■ **WHAT TO DO**
Please output exactly the lines below, starting at the line that has "BREMBO 09.4939.3X Brake" and ending at the line that has "Y's Jas met vlakken van twill flanel Grijs", both included; leave out all pictures and include nothing else.

■ **THE DATA**
****************************************

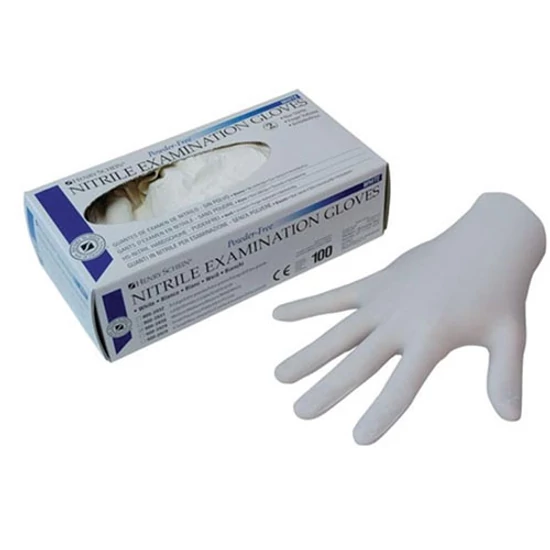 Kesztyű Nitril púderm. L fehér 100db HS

****************************************

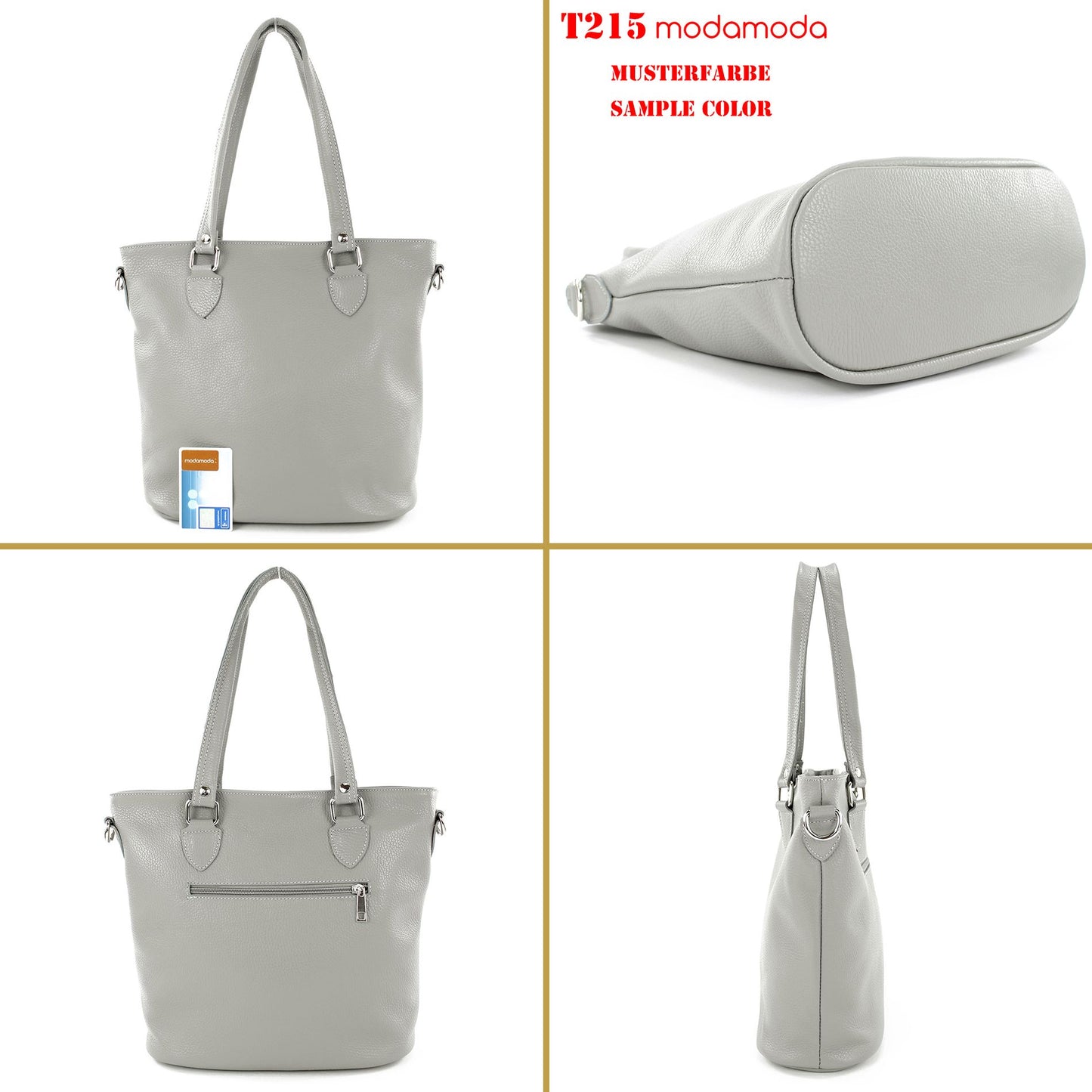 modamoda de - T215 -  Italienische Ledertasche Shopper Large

****************************************

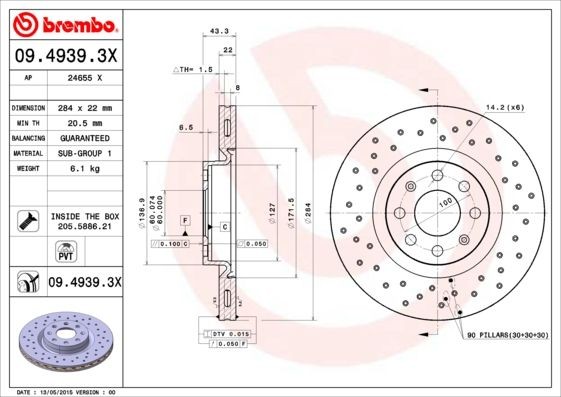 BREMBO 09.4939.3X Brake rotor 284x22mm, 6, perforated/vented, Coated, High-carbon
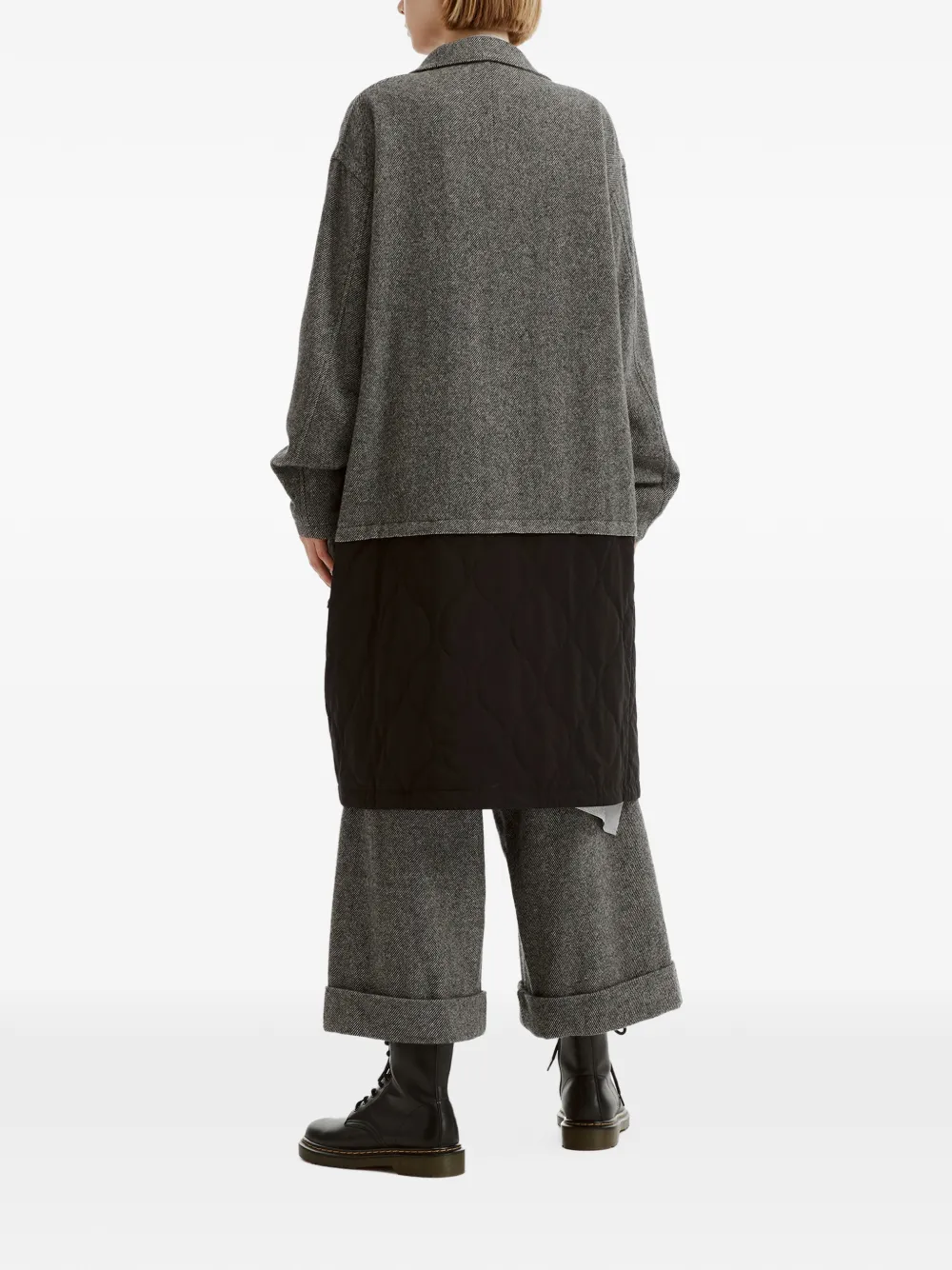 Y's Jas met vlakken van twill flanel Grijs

****************************************

■ **REPLY**
 BREMBO 09.4939.3X Brake rotor 284x22mm, 6, perforated/vented, Coated, High-carbon
 Y's Jas met vlakken van twill flanel Grijs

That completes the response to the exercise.